Here are **in-depth notes** for **L8.3: Solving an Unconstrained Optimization Problem (Part 1)** from the *Foundations of Machine Learning Theory* course. The lecture focuses on understanding optimization from a computational perspective, starting with a very simple unconstrained example, and introduces the foundational idea behind **gradient descent**.

---

## 🔍 Lecture Focus

* How to solve unconstrained optimization problems.
* Deriving computational methods (for computers) to solve problems where manual/analytical solutions may not scale.
* Establishing the motivation for **iterative gradient-based methods**.

---

## 🧩 1. What is an Unconstrained Optimization Problem?

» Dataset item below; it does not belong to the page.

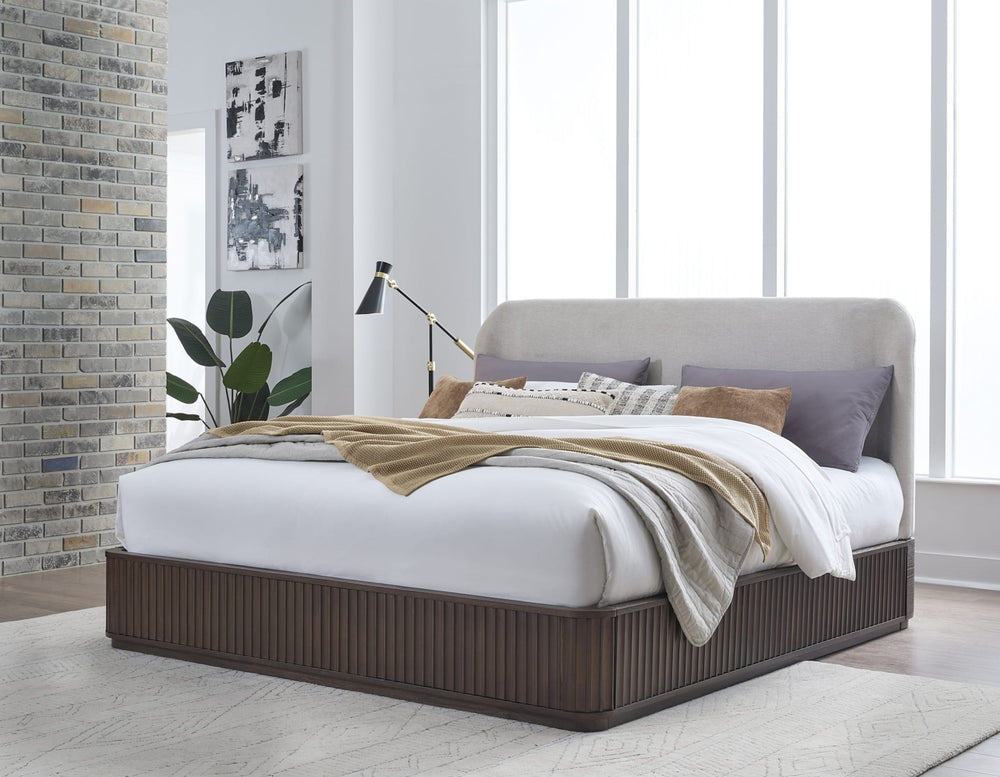 Penny Fluted Upholstered Bed in Chocolate Mousse styled in a bedroom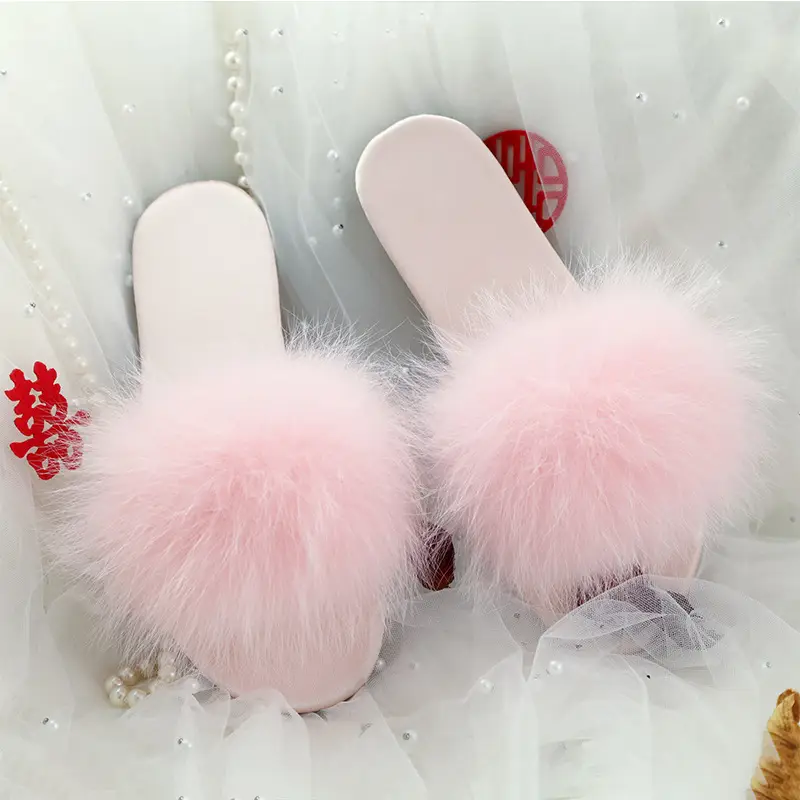 Wedding Red Feather Plush Slippers for Bridesmaids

### General Optimization Problem:

Minimize:

$$
f(x)
$$

Subject to:

* $g_i(x) \leq 0$ (Inequality constraints)
* $h_j(x) = 0$ (Equality constraints)

> ✅ **Unconstrained Optimization** means **no constraints** on $x$:

$$
\min_{x \in \mathbb{R}} f(x)
$$

---

## 🧪 2. Simple Motivating Example

### Problem:

$$
\min_{x \in \mathbb{R}} (x - 5)^2
$$

### Intuition:

* Clearly minimized at $x = 5$
* Minimum value = $0$
* Reason: Squared function ≥ 0 for all real $x$, and becomes 0 only when $x = 5$

---

## 🧮 3. Classical (Analytical) Approach

Let $f(x) = (x - 5)^2$

### Step-by-step:

* Compute derivative:

  $$
  f'(x) = 2(x - 5)
  $$
* Set derivative to 0 to find stationary point:

  $$
  f'(x) = 0 \Rightarrow x = 5
  $$
* Confirm it’s a minimum (via second derivative test or function shape)

> ⚠️ This method works for simple functions but **fails** for complex or higher-degree polynomials due to:

* Nonlinearities
* Higher-order equations that are not easily solvable (e.g., degree 5+)

---

## 🧪 Example That Breaks the Classical Method

$$
\min_{x \in \mathbb{R}} 3x^6 + 2x^5 + 3x^3 + 5x^2 + 2
$$

* First derivative:

  $$
  f'(x) = 18x^5 + 10x^4 + 9x^2 + 10x
  $$
* Difficult to solve $f'(x) = 0$ analytically due to:

  * Degree 5 polynomial
  * No general formula for roots of degree > 4

---

## ⚙️ 4. Need for Systematic Computational Procedure

We need a method that:

* Doesn’t rely on solving high-degree polynomial equations
* Is **iterative** and **computer-friendly**
* Works for a wide variety of functions

---

## 🌀 5. Iterative Update Idea (Gradient Descent)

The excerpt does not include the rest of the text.